Wir leben erst im Anfang des 21. Jahrhundert und deshalb ist es sehr schwer den weiteren (sozialen) Wandel in der Familie und ihre damit verbundene Rolle vorauszusehen. Um das Thema dennoch anzugehen, bin ich auf wissenschaftliche Untersuchungen und Ergebnisse angewiesen.

Bevor wir über die "Rolle der Familie" diskutieren können, stellt sich für uns zuerst die Frage: "Gibt es überhaupt noch eine "Normalfamilie"?
Familie (lat. familia) heißt: verwandtschaftlich verbundene Gruppe von Menschen.

Was sich in den letzten drei Jahrzehnten im 20. Jahrhundert schon vollzogen hat, wird sich wahrscheinlich weiter entwickeln.
Es kann von einer zunehmenden Pluralisierung und Individualisierung der Lebensformen auf Kosten der Normalfamilie gesprochen werden.
Seit Mitte der 60-er Jahre sinkt in der BRD die Geburtenrate, die Heiratsneigung geht zurück, und immer mehr Ehen werden geschieden.
Unter den Verhältnissen des Jahres 1998 ist davon auszugehen, dass nur etwa 60% der jüngeren Generation im Leben zumindest einmal heiraten, dass durchschnittlich nur noch 1,4 Kinder je Frau geboren werden und dass mehr als ein Drittel aller Ehen mit einer Scheidung enden.
Im Jahre 2001 wurden z.B. in NRW 46.913 Ehen geschieden, immerhin 3,8 Prozent mehr als noch im Jahr zuvor. Damit wurde der Höchststand aus dem Jahre 1998 mit 45.246 Scheidungen übertroffen. Das sechste Ehejahr entpuppt sich dabei als das verflixte, denn in dieser Zeitspanne gab es anteilmäßig die meisten Trennungen. 20 Paare ließen sich aber auch nach 50 oder mehr Jahren scheiden.
Der Anteil der Bevölkerung, der nach konventionellen Mustern lebt, ist stark rückläufig. Die Zahl derer, die nicht-traditionale Lebens- und Beziehungsformen praktizieren, steigt an.

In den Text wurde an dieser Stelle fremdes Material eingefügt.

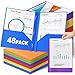 IJIGU 48 Pack 2 Pocket Folders with 3 Prongs, Bulk Plastic Folders with Clear Front Pocket in 6 Colors, Heavy Duty File Folder with Fastener Clasps, Ideal School and Office Supplies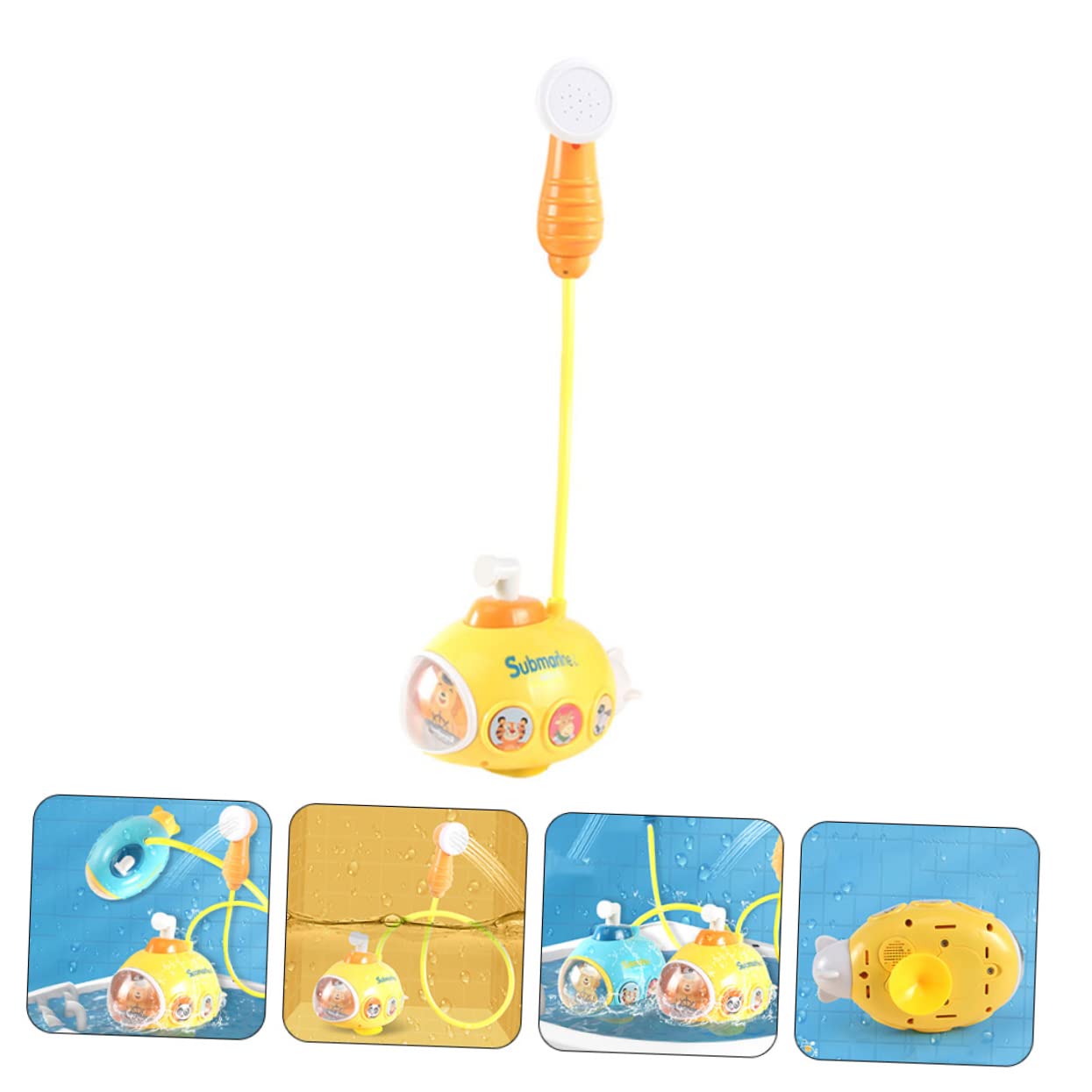 FAVOMOTO 4pcs Kids Bath Toys - Animal Shower Toys for Toddlers, Water Play Toys for Baby Bath Time, Durable Plastic Yellow Bathtub Toys for Children - Fun Learning Toys for Sensory Play & Early Development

In allen westlichen Industrieländern zeigen sich die gleichen Entwicklungstrends: eine Zunahme von Alleinwohnenden, kinderlosen Ehepaaren, Ein-Eltern-Familien, Stieffamilien, nichtehelichen Lebensgemeinschaften und "living apart together"-Beziehungen (LAT)*. Gleichzeitig erhöht sich der Anteil der Familien, bei denen zwar der kernfamiliale Haushalt - Ehepaar mit Kind(ern) - unangetastet bleibt, die aber in anderer Hinsicht, besonders im Hinblick auf die geforderte Polarität der Geschlechterrollen, vom Leitbild der bürgerlichen Ehe und Familie abweichen.
Angesichts dieser Entwicklungen kann kaum daran gezweifelt werden, dass Ehe und Familie einen bedeutsamen Strukturwandel durchgemacht haben. Unterschiedliche Auffassungen bestehen allerdings im Hinblick auf Art, Richtung und Intensität des sozialen Wandels.
*)   Getrennt-Zusammenleben-Beziehungen; die Lebenssphären der Partner sind mehr oder weniger getrennt
     und werden autonom geregelt


Ich bin bei meinen weiteren Nachforschungen auf drei interessante Thesen gestoßen:
  1. Die These vom Zerfall der Familie, wie sie besonders pointiert von Hoffmann-Nowotny (1995; 1997) vertreten wird, geht von einer weitgehenden Deinstitutionalisierung, einem Verbindlichkeitsverlust der Institution Ehe und einer damit verbundenen Erweiterung der Optionen aus. Die Deinstitutionalisierung führt zu einer weiteren Individualisierung und Pluralisierung der Lebensformen und bei Fortbestehen der engen Verknüpfungen von Ehe und generativem Verhalten, wie es in Westdeutschland der Fall ist, zu einer Polarisierung in einen Familien- und Nichtfamiliensektor mit steigender Kinderlosigkeit und weiterem Fertilitätsrückgang.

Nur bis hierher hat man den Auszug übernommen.